Records for the exercise:

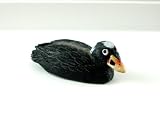 New Dolls House Accessory Surf Scoter Bird Duck 327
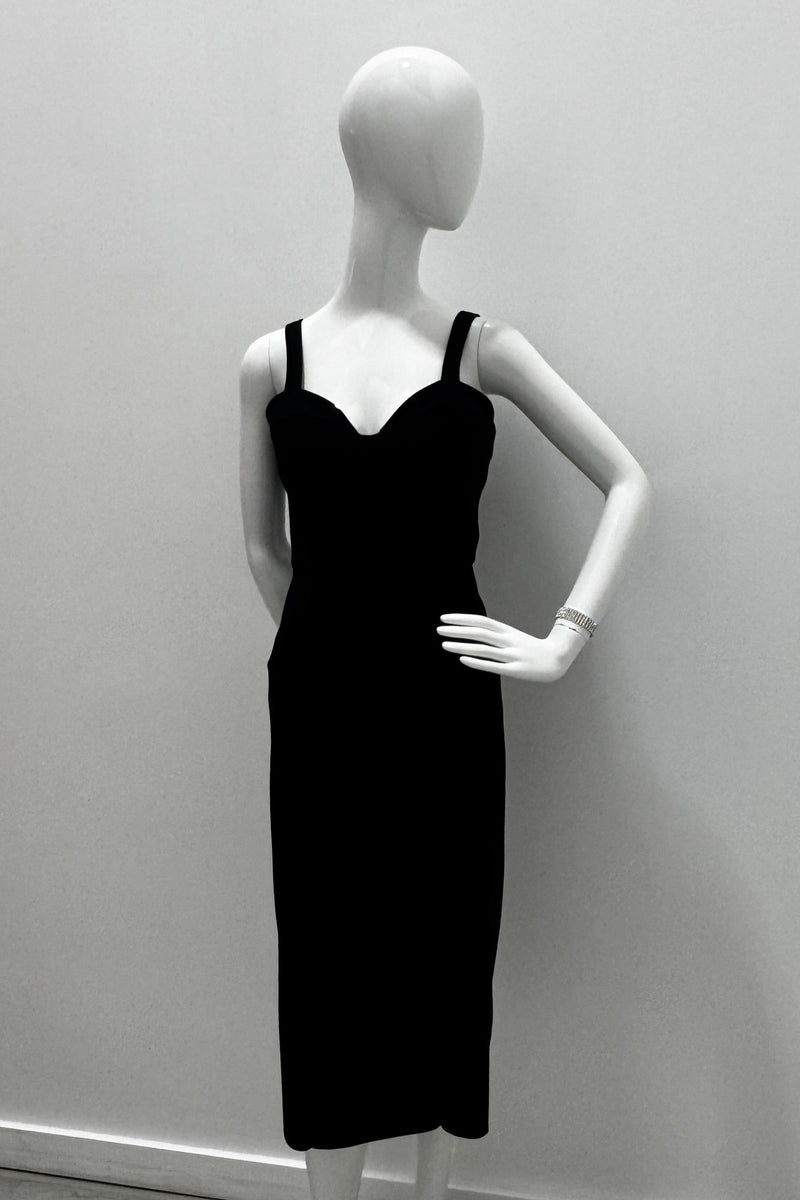 Greta Constantine Toucan Bustier Dress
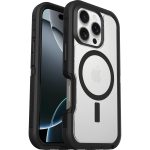 OtterBox iPhone 16 Pro Defender Series XT Clear Case - Dark Side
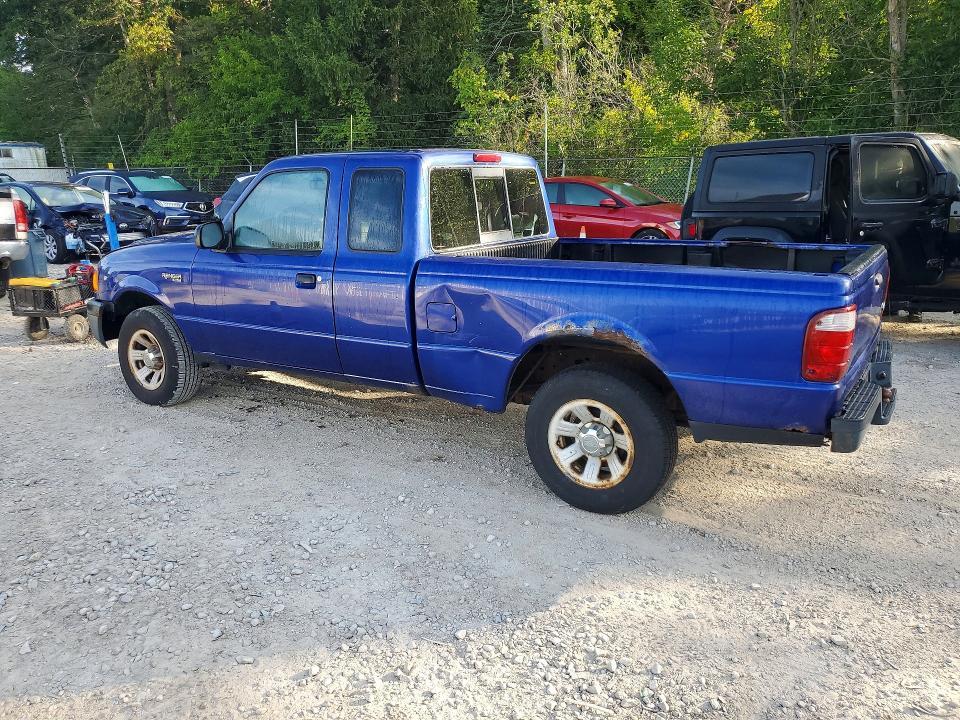 1FTYR14U85PA03626 2005 Ford Ranger photo no. 2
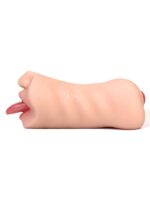 CENSAN Oral ve Vajinal Çift Girişli Masturbatör - Görsel 3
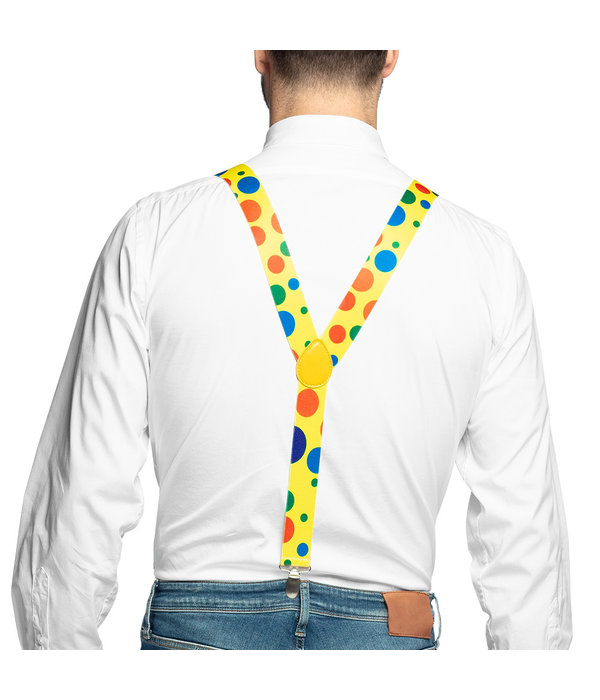 Accessoireset Clown 3-Delig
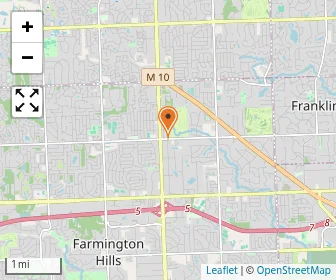 Map of Montessori Academy Of Farmington Hills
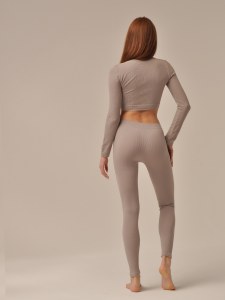 LEGGINGS RIB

Exercise goal:
A word-for-word repetition of the data above, without pictures, is the expected answer.

Answer space:
 New Dolls House Accessory Surf Scoter Bird Duck 327
 Greta Constantine Toucan Bustier Dress
 OtterBox iPhone 16 Pro Defender Series XT Clear Case - Dark Side
 1FTYR14U85PA03626 2005 Ford Ranger photo no. 2
 CENSAN Oral ve Vajinal Çift Girişli Masturbatör - Görsel 3
 Accessoireset Clown 3-Delig
 Map of Montessori Academy Of Farmington Hills
 LEGGINGS RIB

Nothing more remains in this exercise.